T.D.S. told her that he fell out of bed and hit his head. She met with staff

supervisor D. Desmuke about her son’s condition. According to Ms. Colbert,

Ms. Desmuke told her that she would make sure that T.D.S. saw the nurse, and

promised to call her if anything else happened. Ms. Desmuke admitted meeting

with T.D.S.’s mother, but denied seeing a knot on his head or promising he would

see the nurse; instead, she said she told her that T.D.S. could fill out a request for

medical care when he returned to his cell if he wanted medical attention.

      The afternoon of April 12 passed without incident. That evening, however,

T.D.S. did not eat his dinner and when he complained of nausea, a detention

officer gave him some Tums and took him to his cell. Another detention officer

said she thought she noticed a knot on T.D.S.’s head, but could not be certain.
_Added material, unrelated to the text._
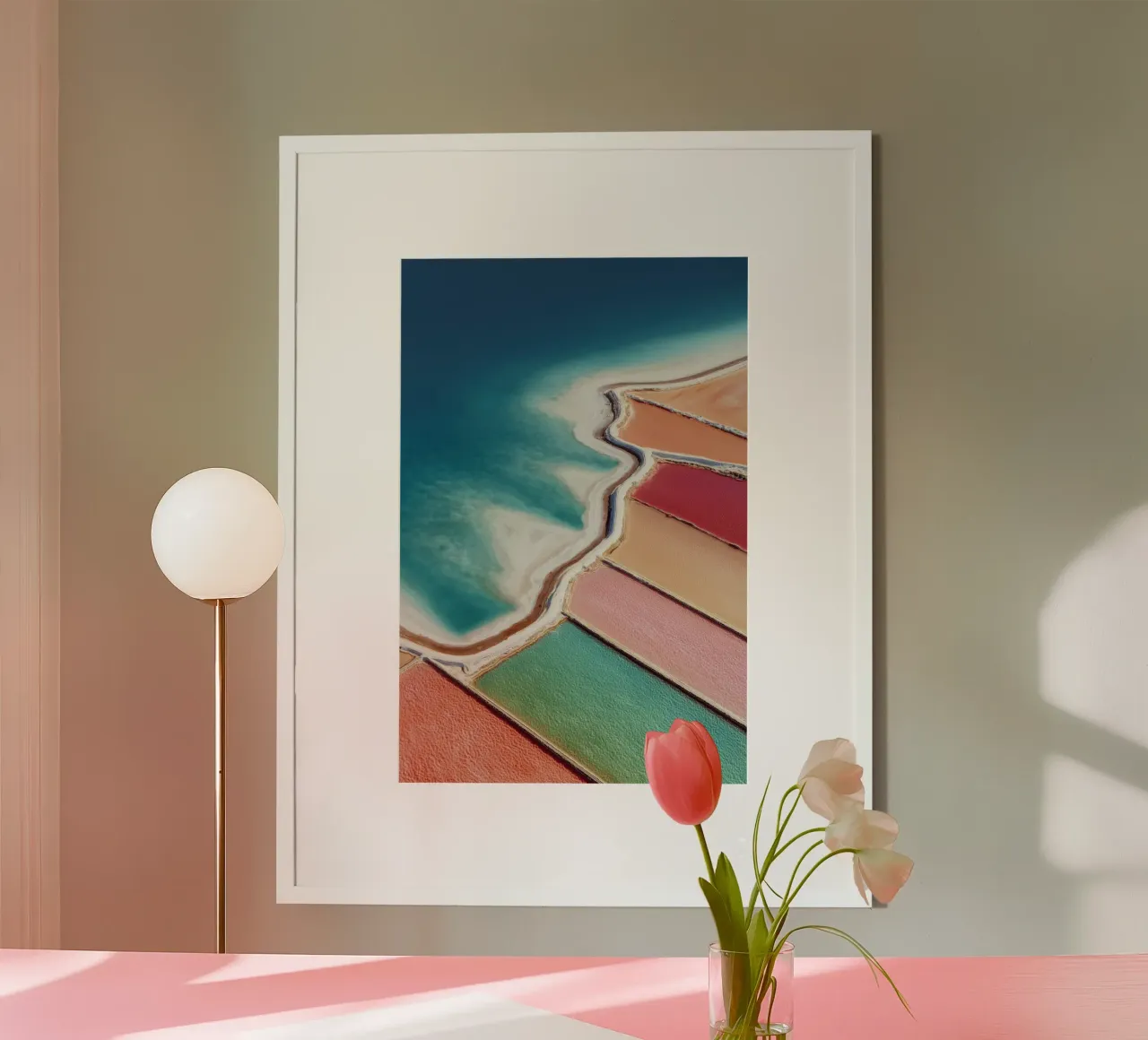 Vibrierende Salzpfannen Abstrakte Luftaufnahme Hahnemühle von Indigo Tides Art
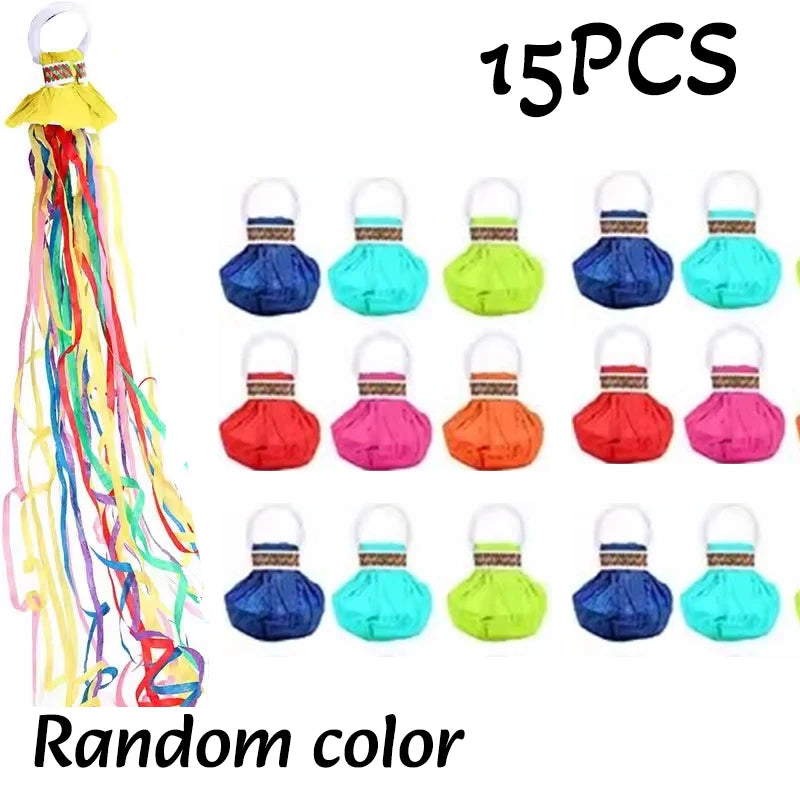 5-20pc Colorful Hand Throw Streamer Poppers  Wedding Birthday  Festival Decor Throw Streamers Poppers No Mess Paper Party Gift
She said that T.D.S. told her that he fell when he woke up that morning. In any

event, at about 9:30 p.m., when conducting her rounds, T.D.S. complained to the

officer of nausea and dizziness, and she agreed to fill out a request for medical

2
      Parents are allowed to visit their children on Saturdays and Sundays.
Availing herself of the first opportunity to visit her son following his arrest,
Ms. Colbert came to the Center on Saturday morning, April 12.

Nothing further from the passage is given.